Mac OS X's Software Update facility could be vulnerable to attack by hackers, claims security list Bugtraq.
Bugtraq is maintained by computer-security specialist Securepoint Technologies. The list (a moderated forum for independent reports) claims Software Update, “when configured by default, checks weekly for new updates from Apple”.
It explains: “HTTP is used with absolutely no authentication. Using well known techniques, such as DNS Spoofing or DNS Cache Poisoning, it is trivial to trick a user into installing a malicious program posing as an update from Apple.”

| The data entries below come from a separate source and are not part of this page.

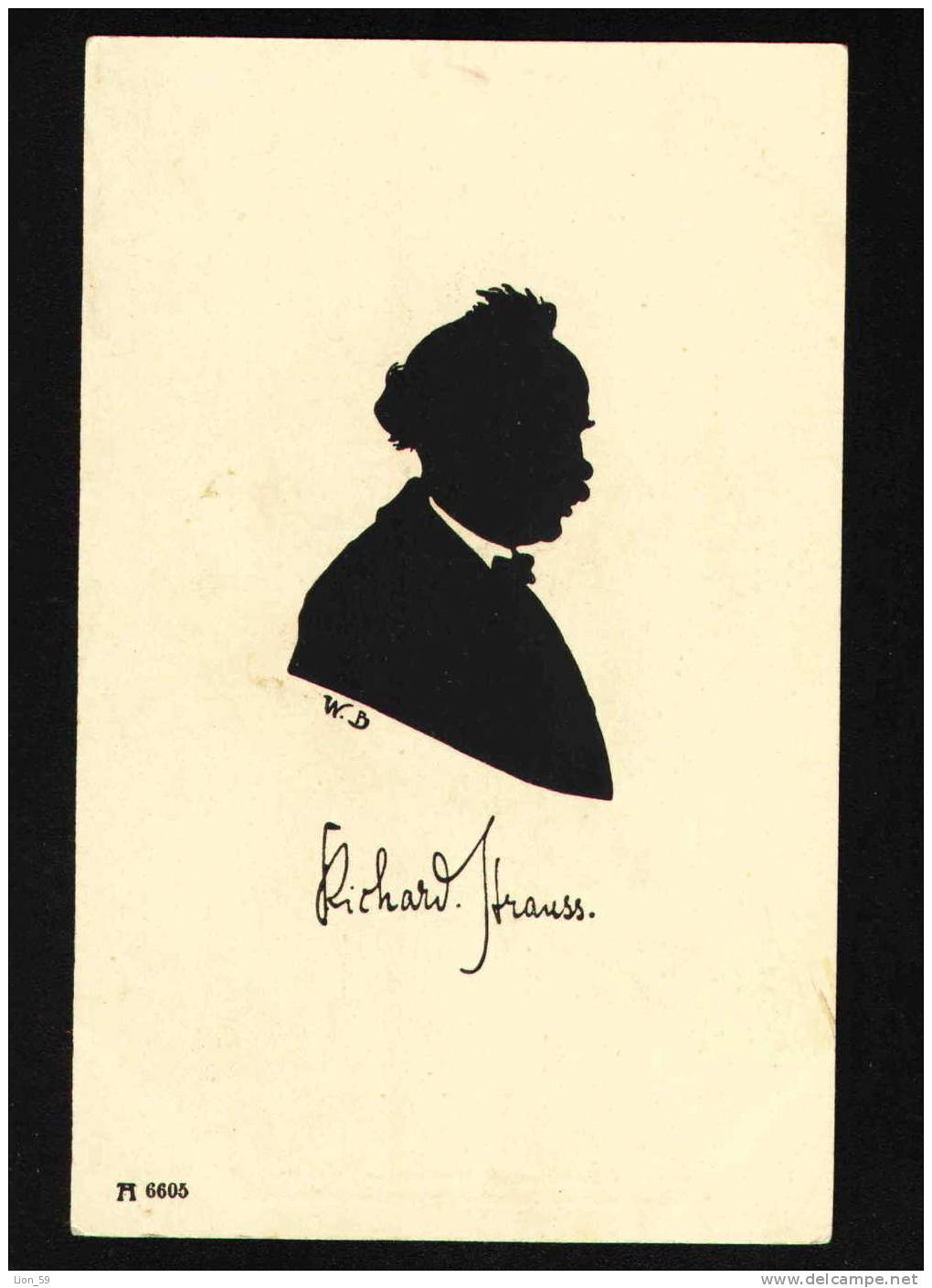 Illustrator W. BITHORN - Silhouette Richard Georg Strauss Germany COMPOSER Series - #  6605/661  Pc 19444 - Silhouettes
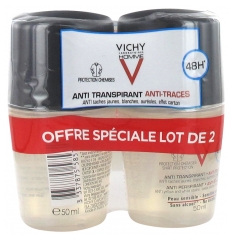 Vichy Homme Deodorant 48h Anti-Transpirant Anti-Spuren Roll-On Pack von 2 x 50 ml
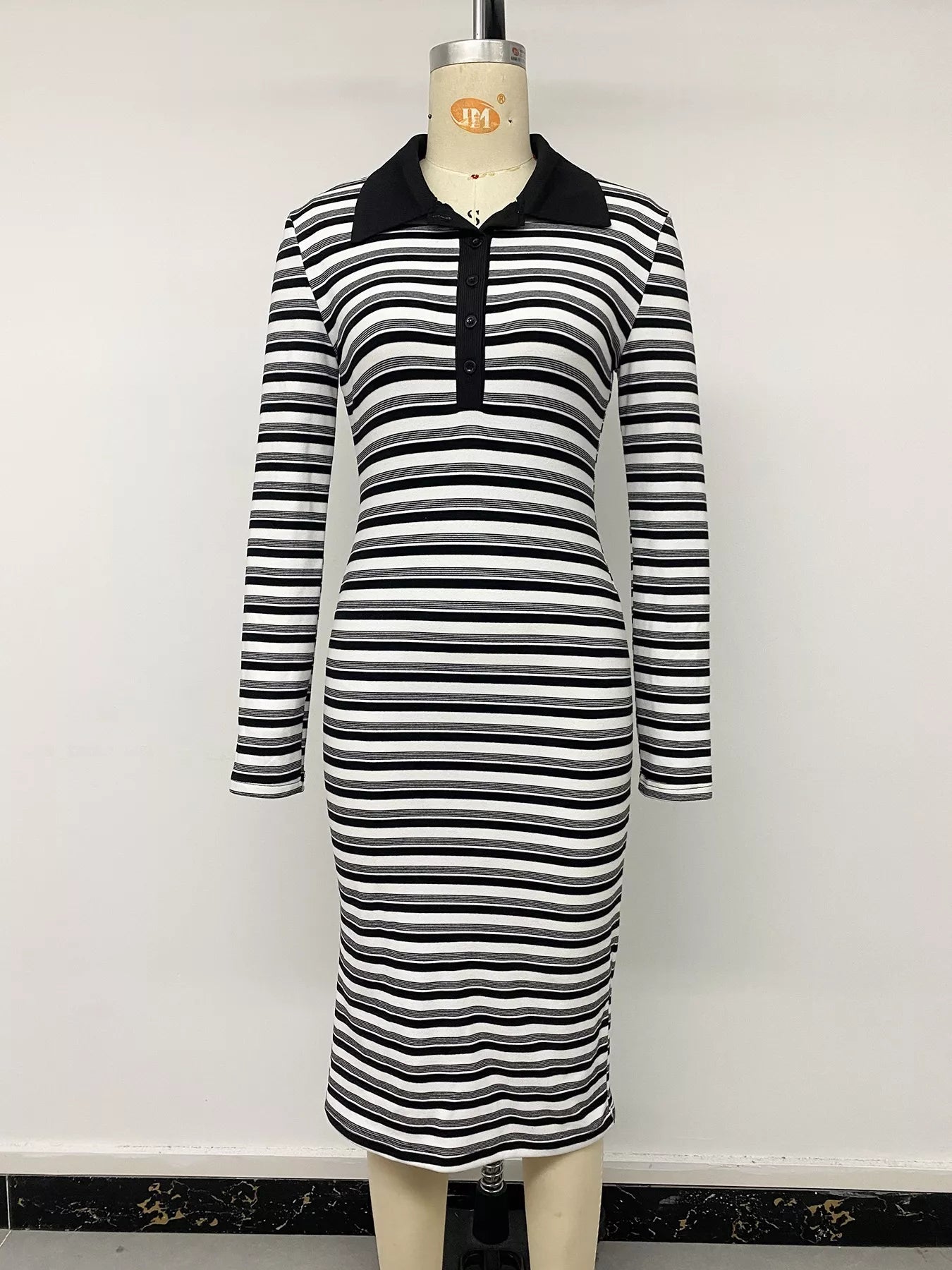 Trendsi Striped Polo Collar Midi Dress -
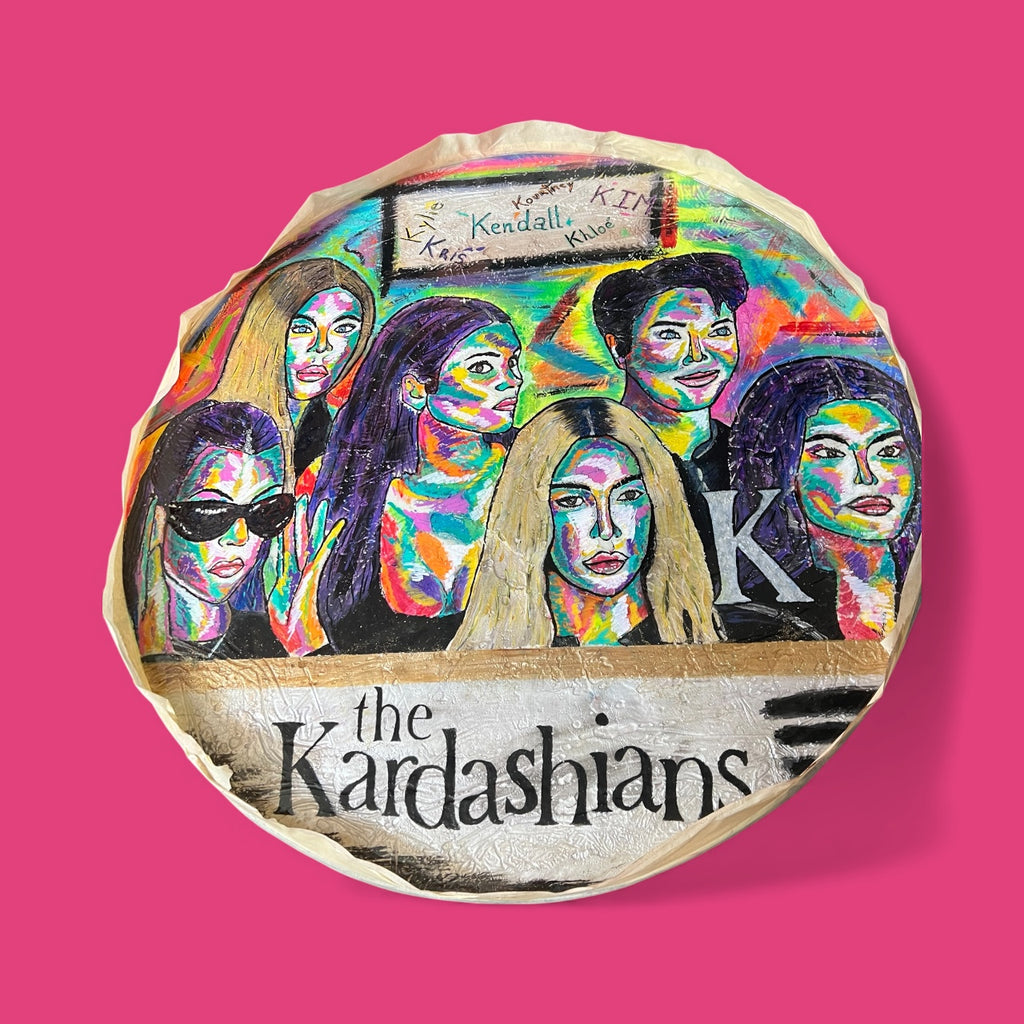 Kardashian Universe – 30” Round Pop Art Table / Wall Art by Oscar Ekmerdji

Root out The message warns that, because Apple's software updates are installed as “root”, exploitation of the vulnerability can lead to “root compromise” on affected systems. The report explains that affected systems include Mac OS X 10.1.x and (possibly) Mac OS X 10.0.x. Mac OS 9.x systems are not affected, as they do not employ Unix root-level privileges.
No patch is available yet. An exploit for this vulnerability has been released to the public for “testing purposes” – though not by Apple or Securepoint Technologies.
In the short-term, Mac OS X users could try adjusting their Software Update settings to install updates manually, checking updates for veracity before installation.
Local Apple UK representatives have so far been unavailable for comment. However, the company's treatment of security concerns is known. A note on the company's Web site reads: “For the protection of our customers, Apple does not disclose, discuss or confirm security issues until a full investigation has occurred and any necessary patches or releases are available.”